The third feature is derived from the second feature, which is the intensity ratio of the Raman band. This ratio represents the relative concentrations of different molecules present, as indicated by the ratio of peak intensities in Raman spectroscopy. To establish the ratios, the peak intensity of the V2 band (β-carotene) was used as a reference value. Three ratios were generated: V2/V1, V2/V3, and V2/V4. The first ratio represents the concentration ratio between β-carotene and lycopene molecules. The second ratio represents the concentration ratio between β-carotene and lutein molecules. Lastly, the third ratio represents the concentration ratio between β-carotene and neoxanthin molecules. Since each carotenoid molecule exhibits a unique color, these ratios also reflect the color distribution over the mango skin. Figure 6C illustrates the differences in the V2/V1, V2/V3, and V2/V4 peak intensity ratios for the three ripeness levels. In both the underripe and ripe mango stages, the V2/V1 peak ratio shows the highest value among all studied ratios. This indicates a higher concentration of β-carotene molecules compared to lycopene molecules during these stages. However, when mangoes reach the overripe stage, the V2/V1 ratio decreases due to a higher concentration of lycopene (a red pigment) compared to β-carotene. A similar trend is observed in the V2/V4 and V3/V4 peak ratios compared to the V2/V1 ratio. These trends in peak ratios offer valuable insights into the changes in carotenoid composition in mangoes at various ripeness levels. Additionally, they shed light on the changing molecular properties and dynamics of pigmentation as the fruit ripens.

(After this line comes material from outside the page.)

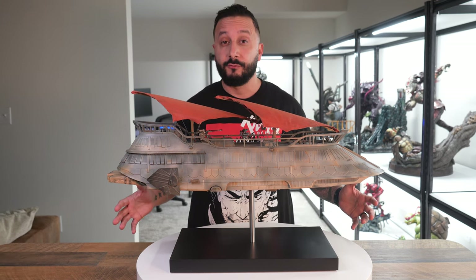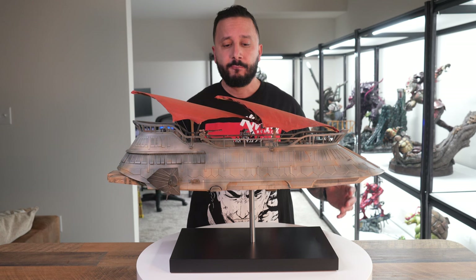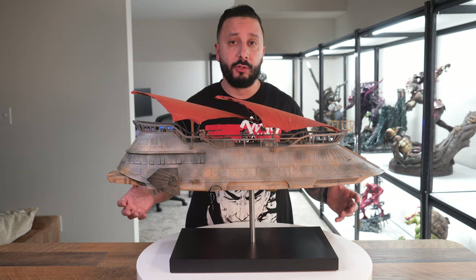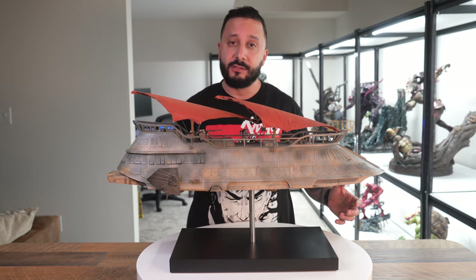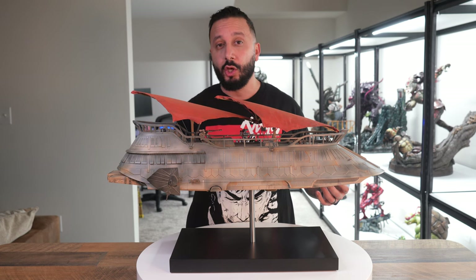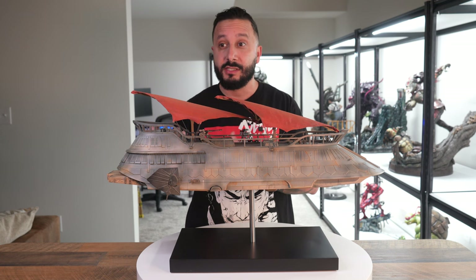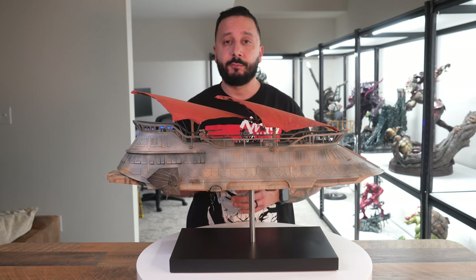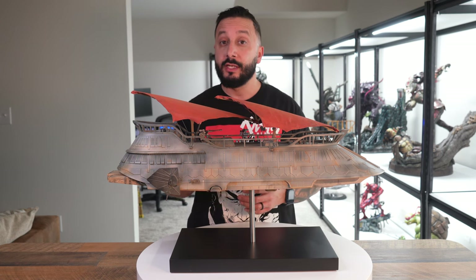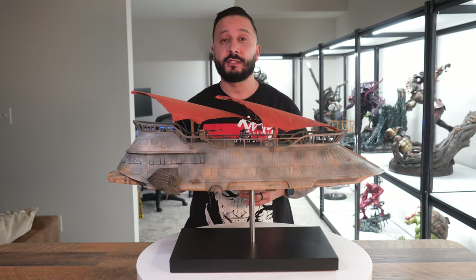Now let's talk about pricing. This particular piece is going to cost right around $860 USD, which I don't think is bad compared to what I've seen at other statue companies. I've seen similar Star Wars pieces with the same quality go for $1,100 or even $1,800 on the aftermarket when buying secondhand, so I don't think the pricing is bad. This is expected to be delivered around May or June of this year, so it's coming up shortly. If you're interested, I'll leave the links in the description below.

Figure 6D illustrates the changes in FWHM for all the bands of mangoes at three maturity levels: underripe, ripe, and overripe. During the underripe stage, the V1 band displayed the highest mean FWHM value, indicating a broader spectral line. In contrast, the V4 band showed the lowest mean FWHM value, suggesting a narrower spectral line. At the ripe stage, the V2 band exhibited the highest mean FWHM value, indicating a broader spectral line. In contrast, the V1 band recorded the lowest mean FWHM value, implying a narrower spectral line. At the overripe stage, the V2 band still recorded the highest mean FWHM value, while the V4 band showed the lowest mean FWHM value, indicating a narrower spectral line. Furthermore, the mean FWHM values of the V2 and V4 bands exhibited similar trends during the three ripeness levels, showing consistent changes in their spectral line widths as mangoes progressed from underripe to ripe and then to overripe. This information provides valuable insights into the molecular interactions and structural changes occurring in carotenoid compounds as mangoes ripen. The FWHM analysis contributes to a better understanding of the ripening process and may aid in assessing mango fruit quality based on spectral characteristics.

Statistical analysis

In this study, a total of 15 Raman spectrum features were extracted from four hidden Raman peaks obtained through the deconvolution process using Lorentz curve fitting from Peak 5. The importance of these features was determined using various statistical tests, including the Homogeneity test, One-way ANOVA test, Gabriel’s test, Welch’s test, and Games-Howell’s test. These tests aimed to identify and retain only the most essential features while excluding those of less significance. All statistical analyses were conducted using IBM SPSS Statistics software. The identified important characteristics will serve as crucial predictor variables in the subsequent training process of the classification model used to assess different ripeness levels of mango fruit.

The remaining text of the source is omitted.